Decision Date30 June 1859
CitationBerry v. Cooper, 28 Ga. 543 (Ga. 1859)
PartiesBERRY et al. vs. COOPER and BOYKIn, Exrs.
CourtGeorgia Supreme Court

Case, in Muscogee superior court. Tried before Judge Worrill, at November Term, 1858. Motion for new trial, decided at May Term, 1859.

This was an action by the executors of Doctor Samuel Boykin, deceased, against Thomas Berry and others, owners of the steam-boat Franklin, to recover the value of one hundred and thirty-four bales of cotton, shipped on said boat and destroyed by fire.

This is the second time this case has been before this court.—See 21 Vol. Geo. Rep.——, where the facts will be found fully stated. The judgment of the court below was then reversed and the cause remanded for a new trial.
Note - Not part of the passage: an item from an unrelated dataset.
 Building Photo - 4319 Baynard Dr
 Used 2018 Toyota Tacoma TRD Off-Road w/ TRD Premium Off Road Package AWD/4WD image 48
Upon the second trial, the jury found for the plaintiffs eight thousand one hundred and seventy-four dollars and eighty-one cents ($8,174 81.) Whereupon defendants moved for a new trial upon the following grounds, viz:

1. Because the court erred in striking the plea of Alfred Prescott, one of the defendants.

2. Because the court erred in admitting that part of Belisle's testimony, in which he stated that the captain handed him a bill of lading.
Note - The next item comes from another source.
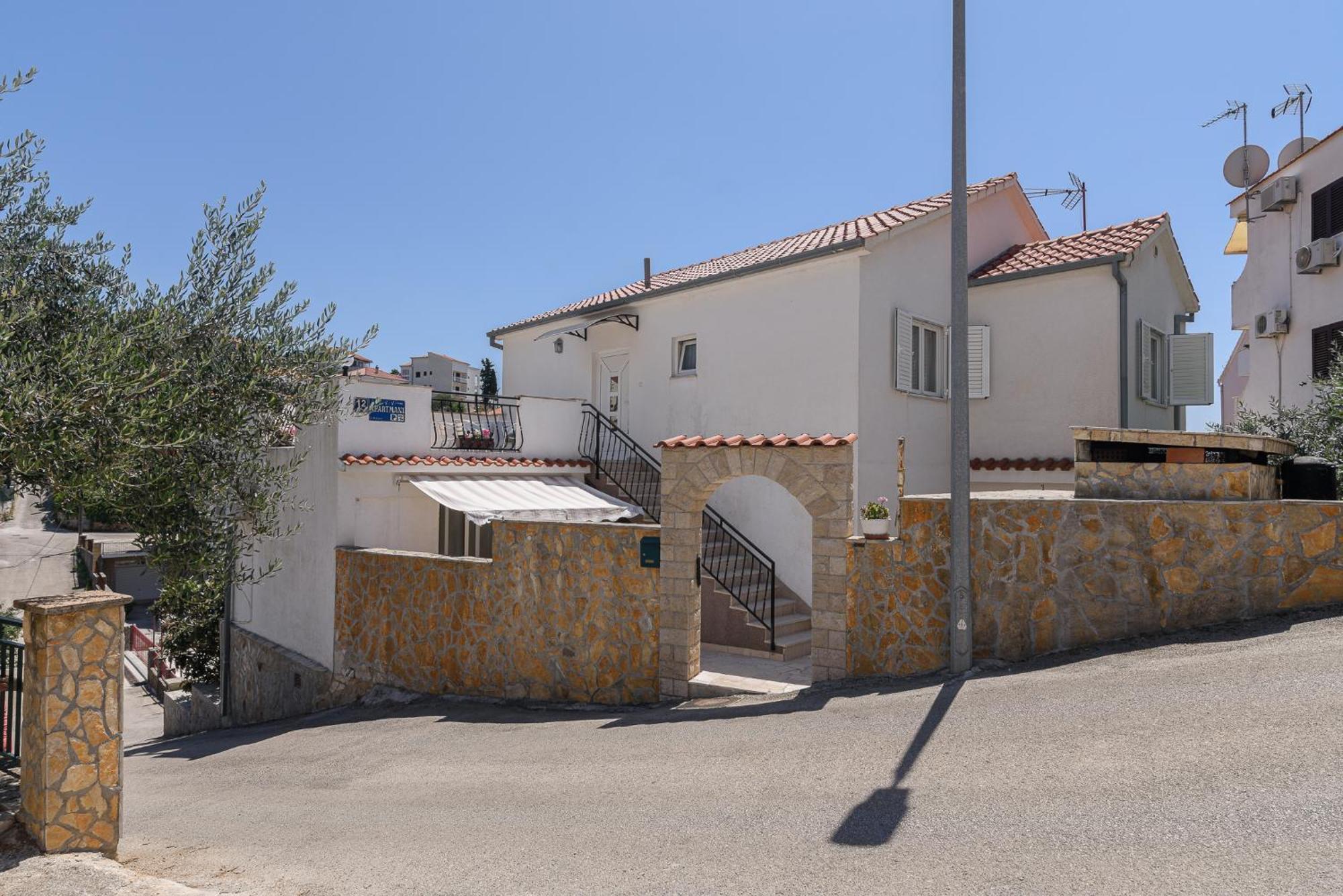 Apartmani Suki Trogir Eksteriør bilde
3. Because the court erred in ruling out the testimony of William H. Harper, offered to show his, Harper's, custom and habit in taking bills of lading, for cotton shipped on all the boats on the river, by which he shipped, containing exceptions from loss by fire.

4. Because the court erred in ruling out the testimonyof W. H. Harper, showing his uniform custom, for several years, in shipping by the Franklin, to take bill of lading containing the exemption of loss by fire.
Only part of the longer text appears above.